Das hat eine fatale Konsequenz: Denn mit dem Aufschwung nationalistischer Politikansätze steigt auch die Gefahr ernster Konflikte – und zwar nicht nur politischer, sondern eben auch in Handelsfragen. Und das ist das, was wir gerade aktuell erleben

Das betrifft auch die Region von Mittel- und Osteuropa über Zentralasien bis nach Wladiwostok, das zeigen die aktuellen Entwicklungen.

• Ich denke dabei, und Herr Doktor Büchele, Sie haben es angesprochen, an das Asowsche Meer. Dieser Konflikt und diese Ereignisse haben uns gezeigt hat, wie schnell der russisch-ukrainische Konflikt jederzeit eskalieren kann.
Und auch die Diskussion um die russische Verletzung des INF-Vertrags wird in den kommenden Wochen die Politik intensiv beschäftigen. Und ich hoffe, dass es uns gelingt, dazu noch eine Lösung zu finden.
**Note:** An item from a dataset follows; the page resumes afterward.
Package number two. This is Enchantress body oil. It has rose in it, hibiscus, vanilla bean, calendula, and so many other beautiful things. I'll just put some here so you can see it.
Auf jeden Fall werden wir uns auch mit Themen der weltweiten Rüstungskontrolle in Zukunft noch intensiver auseinandersetzen. Und wir wollen die Tatsache, dass wir seit 10 Tagen Mitglied im Sicherheitsrat der Vereinten Nationen sind, dazu auch nutzen.
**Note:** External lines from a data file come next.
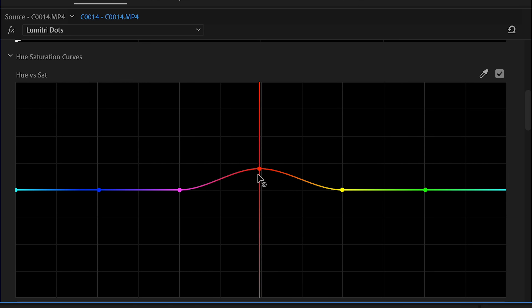Quick and easy hassle-free adjustments on your curves. I hope you found this video helpful and be sure to check out this video for more quick and easy tips in Premiere Pro. Cheers guys, I'll see you on the next one.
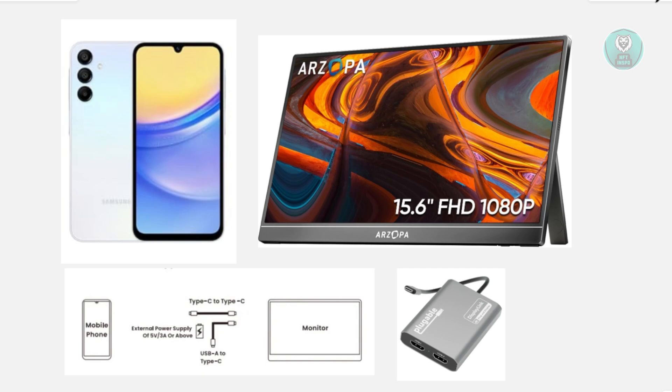So you're wondering how do you connect your Android phone or Android device into your portable monitor? Well, this one is actually fairly easy. We just need to understand a few things here. Usually your phone determines if you can actually do this.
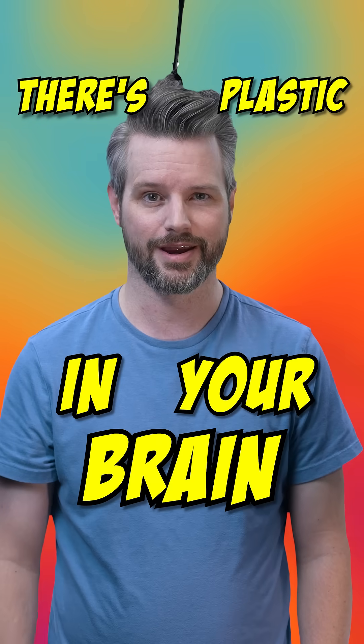There's plastic in your brain. Recent studies estimate 7 to 10 grams of microplastics lodged in human brain tissue. That's roughly the weight of a plastic spoon.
• Herr Dr. Büchele, Sie haben den Westlichen Balkan angesprochen. Wenn ich mir anschaue - heute Morgen war der kosovarische Außenminister bei mir zu Gast – wie belastest das Verhältnis zwischen dem Kosovo und Serbien ist, dass Strafzölle ausgesprochen werden, dass eine Nichtanerkennungspolitik zwischen Serbien gegenüber dem Kosovo betrieben wird. Dann ist das nichts, was uns in irgendeiner Weise beruhigen könnte.
Und auch da zeigt sich letztlich die immer stärkere Wechselwirkung zwischen Politik und Wirtschaft.

In all diesen Fällen gilt: Ohne Regeln, die für alle gelten, ohne Berechenbarkeit, Verlässlichkeit und Transparenz nehmen die Spannungen zu – und zwar zum Nachteil aller Beteiligten. Das bleibt nicht ohne wirtschaftliche Effekte.

Und deshalb, meine sehr verehrten Damen und Herren,
ist es in dieser Zeit ein Ziel unserer Arbeit, so banal sich das anhört, die internationale Ordnung zu stabilisieren. Und das kann eben nur gelingen, wenn wir als Europäer innerhalb der EU vor allen Dingen geschlossen auftreten.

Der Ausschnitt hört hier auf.